Well, it is of course all objective, and one person's 'slight problem' may well be another's 'undriveable' and if it is a question of calibration then they may all be considered to be faulty to some degree.
The reasoning behind my theory of tolerances and software comes from 2 bad experiences with fly by wire throttle cars.
The first being an Astra which was borderline un drivable at times. It would die as you pulled out of junctions and backfire on change up if you used full throttle and high revs.

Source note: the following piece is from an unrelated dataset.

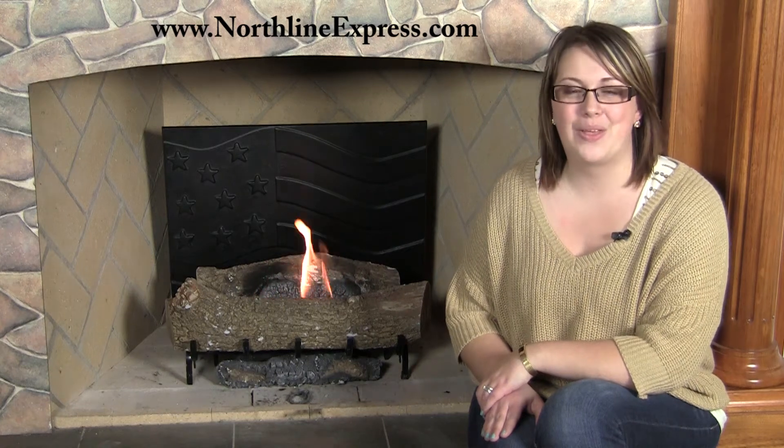Hi, I'm Melissa from Northline Express, and I'm here with our American flag fire back. Not only is this a great way to show your patriotism, but it's also a great way to protect your fireplace as well.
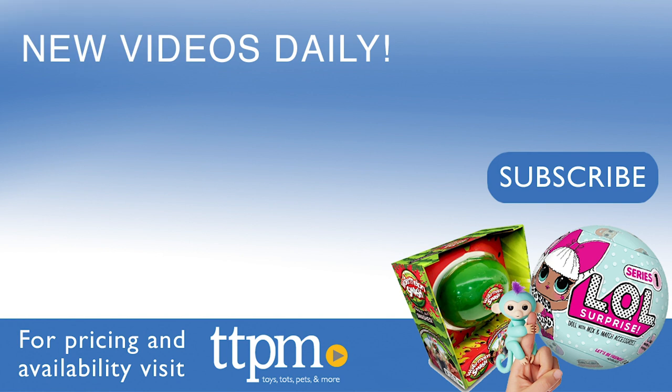You can check out more reviews at TTPM, and don't forget to subscribe to our YouTube channel for new content every day. See you next time!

I eventually complained enough and Vauxhall sent a factory tech / trouble shooter to look at it. When it was revved with the bonnet open I figured out what the odd whoomph noise was. It was un burnt fuel igniting in the inlet manifold! At which he concluded that he knew what was wrong. He'd seen it before and told me it was due to tolerances and there was nothing much he could do. Although they did remap the ecu. This did improve things slightly but caused pre ignition. To be honest I couldn't have cared less. It was a lease car and I hated it with a vengeance by now. It was like the scene from Faulty Towers, I could have genuinely thrashed it to within an inch of its life. In fact some day's I would deliberately drive it on the rev limiter pretty much all day. It actually survived to 3 years / 100k miles.
The second dog was a Toyota Avensis diesel. Another fly by wire throttle.
If the trip computer could have talked it would have gone something like "thankyou for requesting 100% throttle. I will consider your request" cue 2 second pause followed by " I've considered your request and I don't feel like doing that, you can have 20%. Thankyou for risking your life with Toyota today"
Felt like it would last for ever but hated driving it in any sort of urban traffic.
I can really empathize with people who are suffering drivability issues compounded by the ridiculously poor response from fiat. Other manufacturers have actually been in way worse positions but they have reacted, recalling literally millions of cars.
I guess you mean subjective and I won't bother saying it again. It has no issues with hill starts.